La place de Mai, cœur politique et mémoire vive
Toute visite passe par la Plaza de Mayo, esplanade fondatrice où se concentre l'histoire argentine. La Casa Rosada, palais présidentiel aux façades roses, ferme la perspective; la cathédrale et l'ancien cabildo colonial complètent le décor. Les manifestations, les liesses et les deuils du pays se sont donné rendez-vous ici depuis deux siècles, et l'esplanade garde cette gravité particulière des lieux où l'histoire ne s'est jamais arrêtée.
De là, l'avenue de Mai file vers le palais du Congrès entre des immeubles d'inspiration européenne, parcours idéal pour prendre le pouls monumental du centre.
San Telmo, pavés, tango et antiquaires
En descendant vers le sud, San Telmo aligne ses rues pavées et ses maisons anciennes devenues cafés, ateliers et boutiques d'antiquités. La place Dorrego, l'une des plus vieilles de la ville, accueille le dimanche un marché d'antiquaires couru, et des couples de tango dansent sur les pavés pour les passants. Même en semaine, le quartier respire cette élégance un peu patinée qui fait le mystère de Buenos Aires : on pousse une porte, et un patio du dix-neuvième siècle apparaît.

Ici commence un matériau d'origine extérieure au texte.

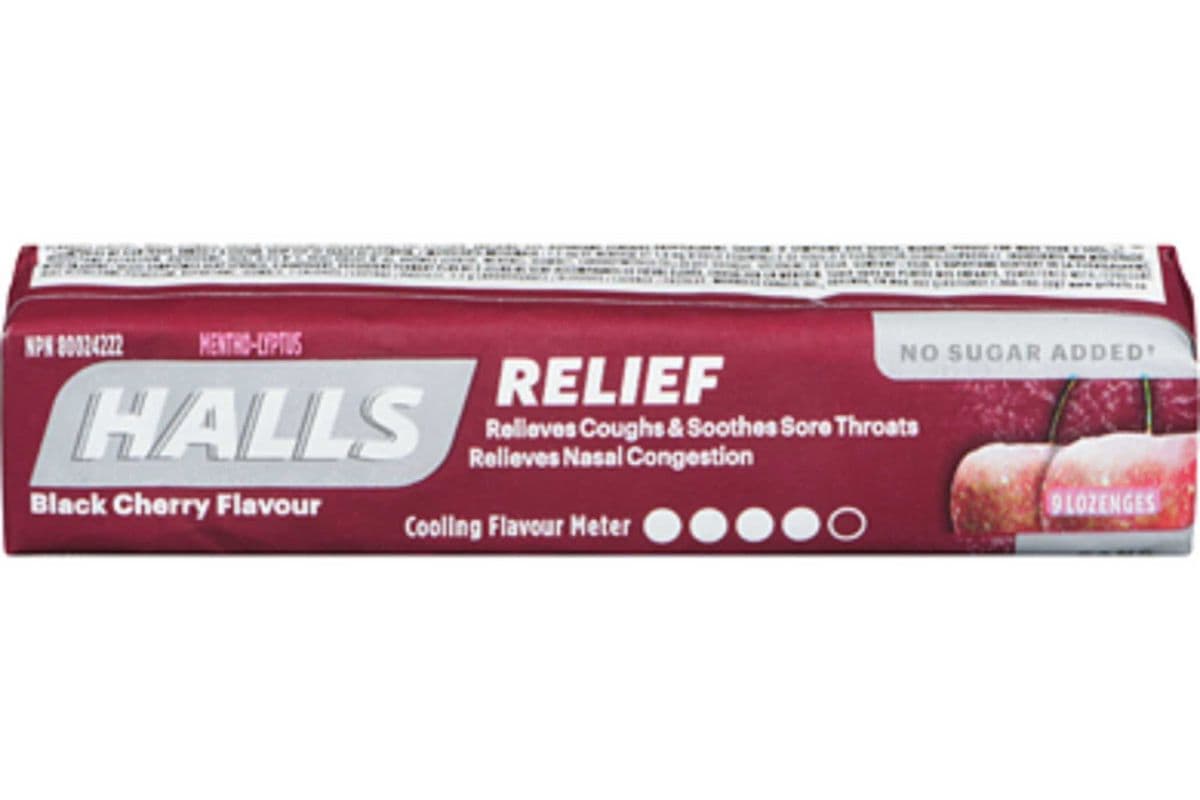 Halls Black Cherry (9 Lozenges)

Les cafés historiques du centre, boiseries sombres et serveurs en veste blanche, prolongent cette élégance : on y entre pour un cortado, on y reste pour l'atmosphère, entre habitués qui refont le monde et pianistes de fin d'après-midi.
La Boca, la couleur à l'état pur
Un peu plus loin, le quartier populaire de La Boca fut le débarcadère des immigrants italiens, qui peignirent leurs maisons de tôle avec les restes de peinture des navires. Le résultat éclate le long du Caminito : façades bleues, jaunes, rouges, artistes de rue et musique à chaque coin. Les amateurs de soccer y saluent au passage le stade mythique du quartier. L'endroit est touristique, assurément, mais il raconte sans détour d'où viennent ces quartiers d'immigrants.

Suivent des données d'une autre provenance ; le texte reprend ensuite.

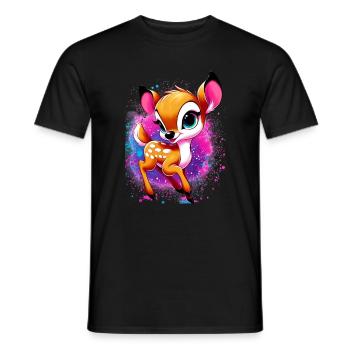 Faon - T-shirt homme - noir - Devant - AI Model Male 178 light (178cm)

Recoleta, le Paris austral
Changement complet d'atmosphère au nord : Recoleta déploie ses immeubles haussmanniens, ses ambassades et ses cafés cossus qui valent à Buenos Aires son surnom de Paris de l'Amérique du Sud. Son cimetière, ville miniature de mausolées de marbre, compte parmi les visites les plus singulières du continent; on y cherche la sépulture d'Eva Perón entre deux allées silencieuses. Le musée national des Beaux-Arts, tout proche, achève de donner à ce quartier son parfum européen.
Conseils pour l'escale
- Depuis le terminal, privilégier navette ou taxi : le centre est proche mais la zone portuaire reste peu praticable à pied.

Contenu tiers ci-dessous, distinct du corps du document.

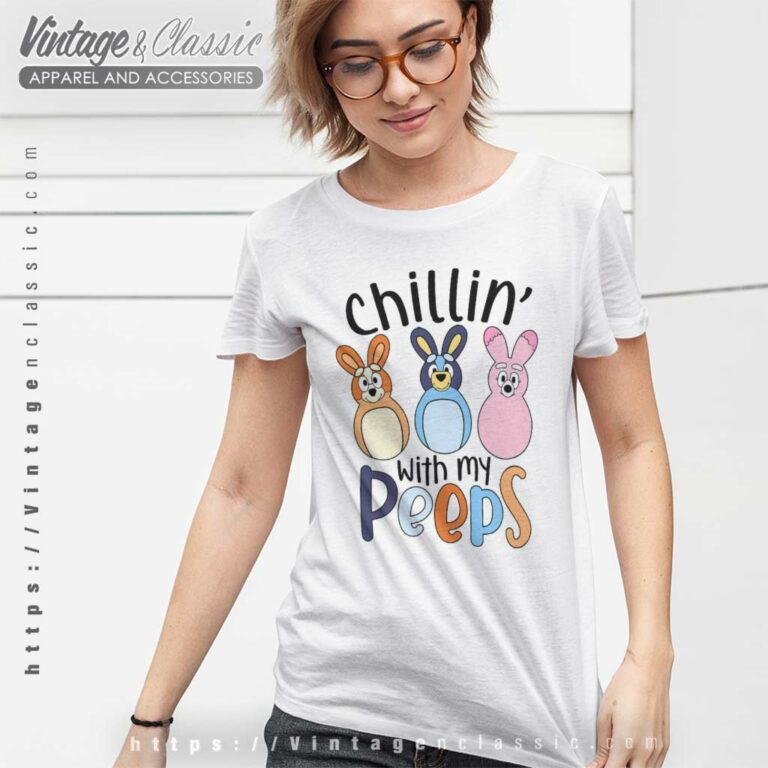 Chilli With My Peeps Bluey T Shirt Chilli With My Peeps Bluey T Shirt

- L'obélisque de l'avenue 9 de Julio, artère aux dimensions hors normes, sert de repère central commode.
- Garder une soirée pour un spectacle de tango si le navire passe la nuit à quai.
Une ville qui donne rendez-vous
Buenos Aires ne se referme pas derrière le visiteur : elle l'accompagne au port, avec ses musiques, ses façades colorées et son goût du drame. En s'éloignant sur l'estuaire immense, on comprend qu'une escale n'aura permis que d'entrouvrir la porte. Tant mieux. Les cités de ce tempérament ne se visitent pas, elles s'entament, et chacun rapporte à bord le chapitre qu'il aura eu le temps de lire.